This blog post is provided by Jamie Priest, Camilo M. Ferreira, Philip L. Munday, Amelia Roberts, Riccardo Rodolfo-Metalpa, Jodie L. Rummer, Celia Schunter, Timothy Ravasi, and Ivan Nagelkerken and tells the #StoryBehindthePaper for the paper “Out of shape: ocean acidification simplifies coral reef architecture and reshuffles fish assemblages”, which was recently published in the Journal of Animal Ecology. In their study, the authors compare a healthy and an acidified coral reef, finding that ocean acidification is flattening coral reefs and reducing damselfish abundance.

Would it surprise you to learn that some fishes are quite the architectural connoisseurs? Damselfishes, perhaps the most iconic denizens of coral reefs, have strong preferences for complex coral architecture, and the finest branching corals are prime reef real estate. So, what happens when these habitats get bent out of shape? In our study, we set out to investigate how ocean acidification is flattening these underwater metropolises, and what this shift in habitat characteristics will mean for resident damselfishes.

Coral reef flattening is not a wholly novel phenomenon. It is, for example, associated with prolonged or repeated bleaching events that lead to widespread coral death, after which their skeletons eventually crumble away, or else with unusually strong erosive events such as storms. However, ocean acidification, the insidious counterpart to ocean warming, acts in far less intuitive ways to alter coral reef architecture.

It takes a lot of calcium carbonate to build a coral skeleton, and the more complex the structure of the skeleton, the higher the carbonate demand will be. In acidified conditions, this demand becomes increasingly difficult to meet, as the reduction in pH decreases the readily available carbonate ions. But for those coral species with simple, mound-like structures, which take less calcium carbonate to construct, this change in conditions can provide a welcome leg-up in competitive interactions. As pH drops, these ‘massive’ corals out-compete their struggling branching counterparts in the race for space, and can come to dominate the reef. Unlike in warming-only scenarios, where flattening is caused by coral death, this competitive shift leads to reefs where living coral cover remains high, but structure is nonetheless decimated.

To find out what this unique mode of reef flattening might mean for reef-fish communities, we turned to a naturally acidified area of coral reef that flanks an underwater volcanic seep in Upa-Upasina, Papua New Guinea. Here, volcanic gases steadily stream from the seafloor like the bubbles in a glass of champagne. The coral reef immediately adjacent to this seep is exposed to acidification conditions that are very much like those we anticipate under future climate change scenarios, whilst a mere 500 metres away, the reef is unaffected by the seep – an incredible opportunity to directly contrast current and future-analogous conditions, side-by-side, with a full suite of ecological interactions in place.

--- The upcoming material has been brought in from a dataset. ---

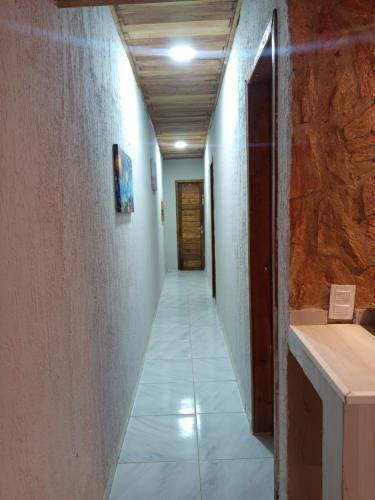 Casa Refúgio do Alto (Casa Refugio do Alto) in Pacoti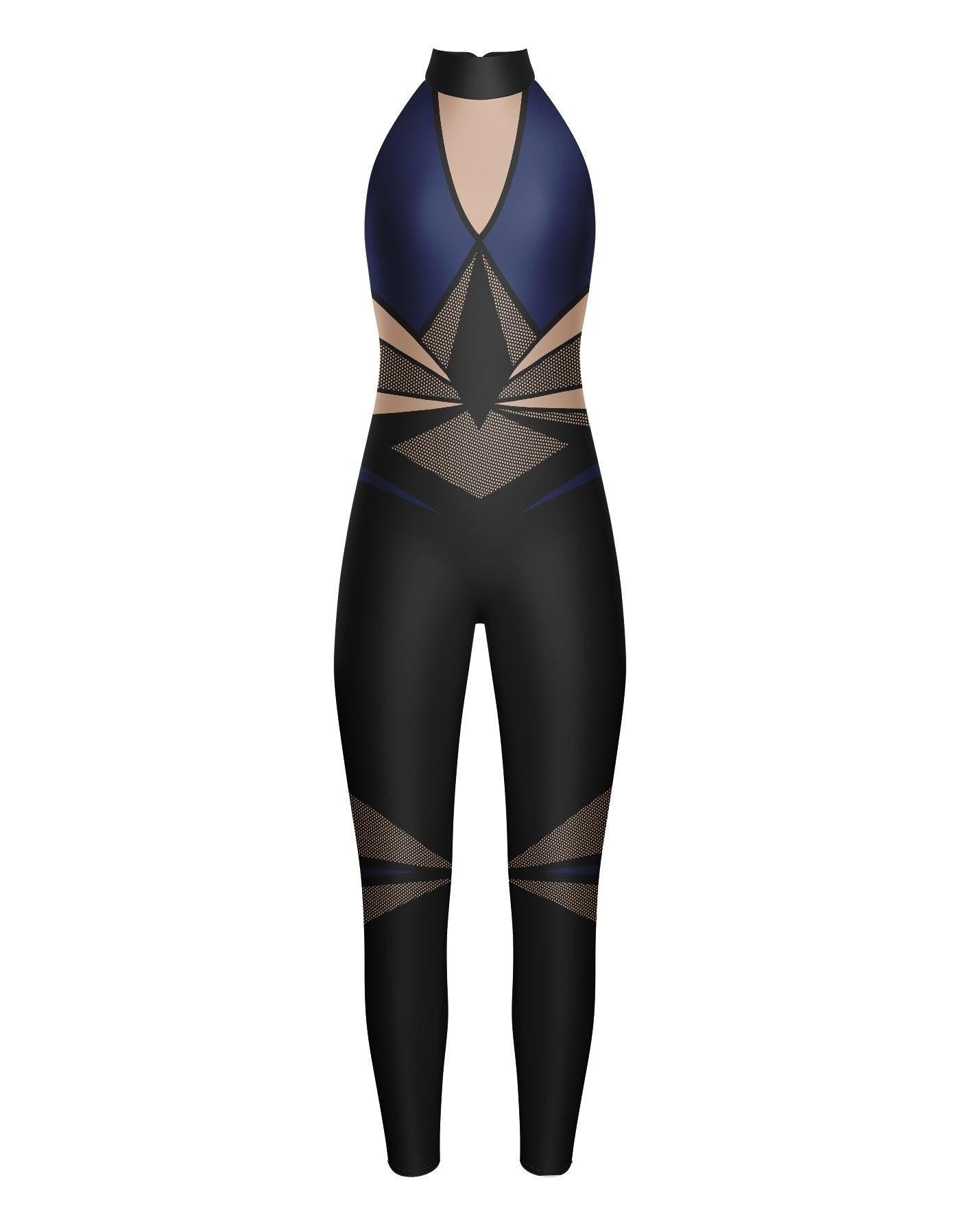 navy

Surveys of coral cover at both reef areas revealed, as anticipated, a substantial shift towards massive corals and a decline in complex branching corals at the seep, despite a modest overall increase in total live coral cover. But to understand what this might mean for resident fishes, we had to get a handle on their architectural whims. If fishes were selecting habitat primarily on health, choosing live corals over dead ones, the increase in live coral cover may prove a boon at the seep. If, however, they were preferencing complex structures, the decline in branching corals would represent a troublesome ecological disturbance. To find out, we set up a number of video cameras across the reef, and recorded how five different damselfish species interacted with available habitats. From these recordings, we were able to calculate the proportion of time an individual fish spent in each habitat. Our premise was simple – if a fish is using habitat randomly, the proportion of time it spends in each habitat should be approximately equal to how available that habitat is in the local area. However, if a fish spends significantly more or less time in a habitat than we would expect, then this is signal of habitat preference or avoidance.

We found that, of the five damselfish species we looked at, two selected habitats primarily on architectural characteristics, choosing branching structures over the health of the coral colony. Another two species preferred live over dead corals, and were quite content to associate with massive corals. However, these two damselfishes spent the same proportion of their time in branching habitats at the seep as they did in unacidified areas, despite their substantially reduced availability. In other words, they still sought out these complex habitats even as they became scarce, suggesting that branching corals play an important role in their daily lives. Our remaining focal species was a known rubble-specialist, and was observed associating most strongly with rubble, as expected.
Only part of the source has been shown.